▸ **Task requirements**
Below are entries; repeat exactly, and nothing else, the lines from the one holding "1991 Zellique Studio" through the one holding "2025 Panini Select", inclusive. Leave the pictures out.

▸ **Input for this task**

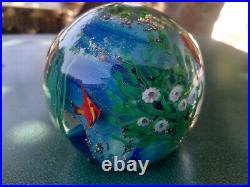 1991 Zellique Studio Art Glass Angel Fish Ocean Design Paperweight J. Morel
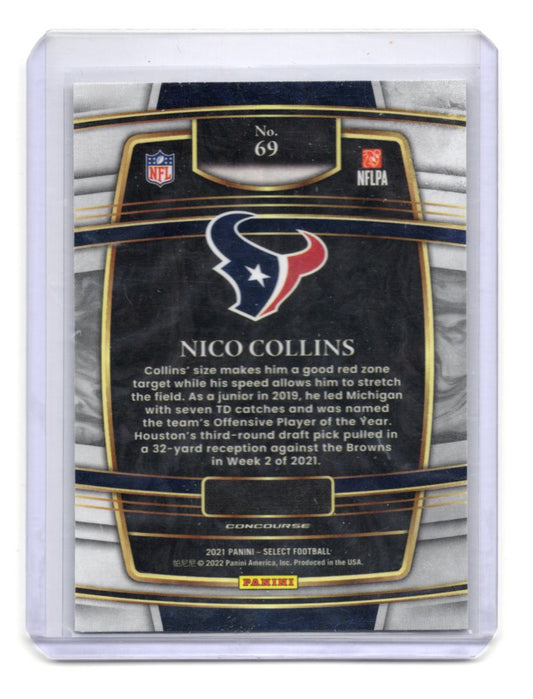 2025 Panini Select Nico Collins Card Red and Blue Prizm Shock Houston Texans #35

==

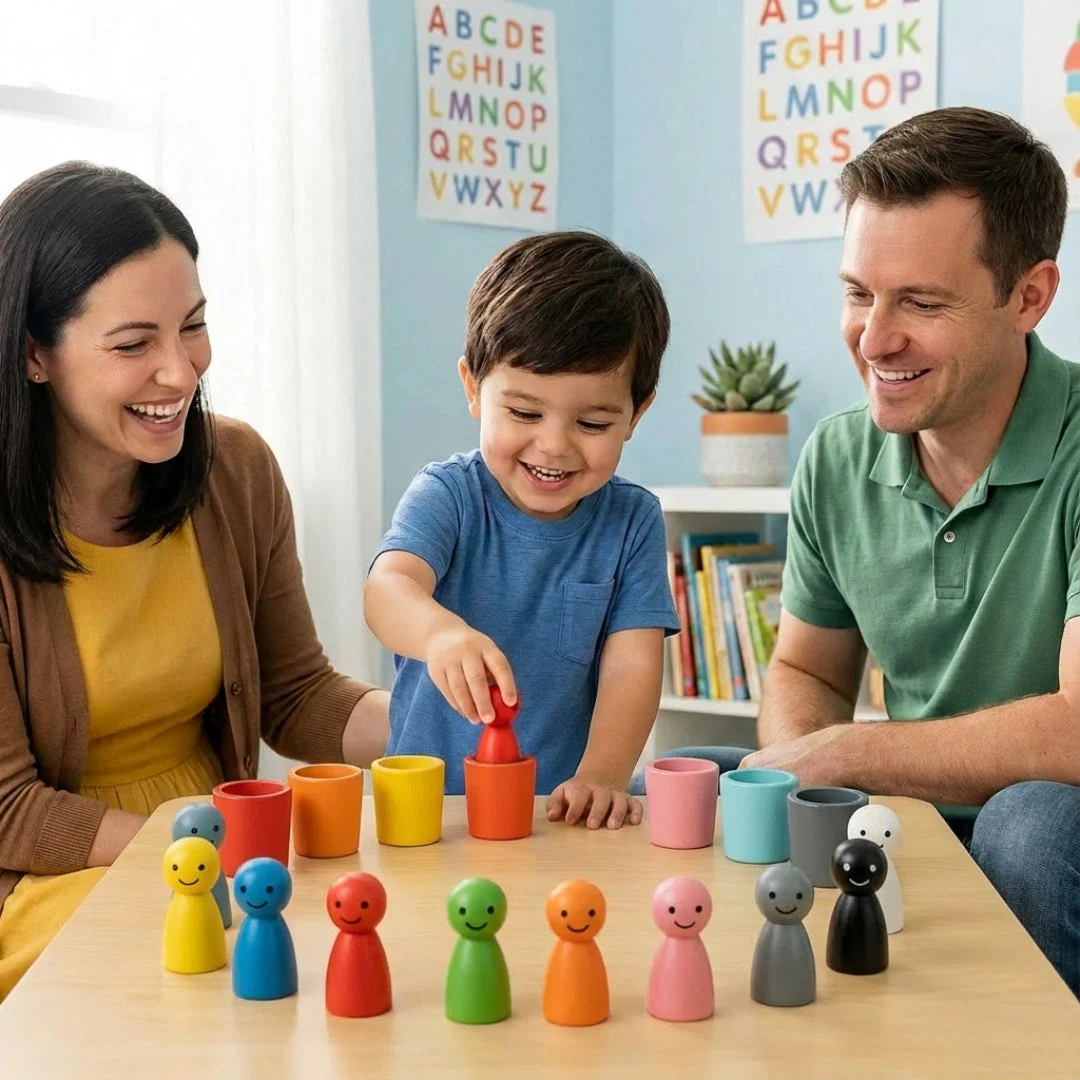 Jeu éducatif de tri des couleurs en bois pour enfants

...

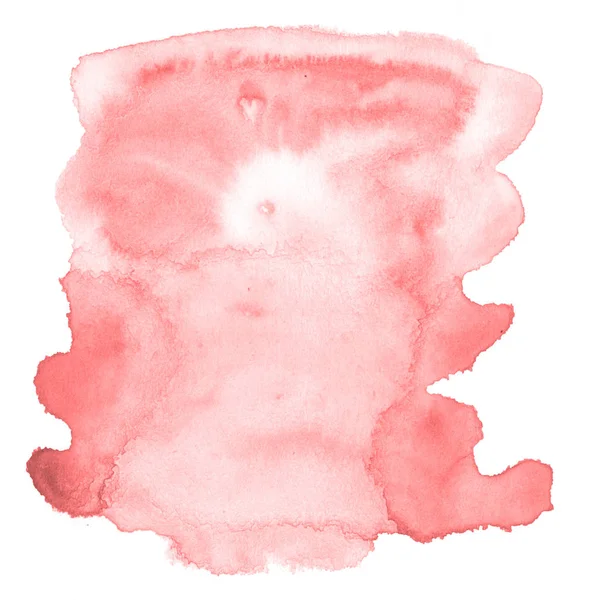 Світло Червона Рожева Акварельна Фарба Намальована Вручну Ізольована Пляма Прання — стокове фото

▸ **Task response**
 1991 Zellique Studio Art Glass Angel Fish Ocean Design Paperweight J. Morel
 2025 Panini Select Nico Collins Card Red and Blue Prizm Shock Houston Texans #35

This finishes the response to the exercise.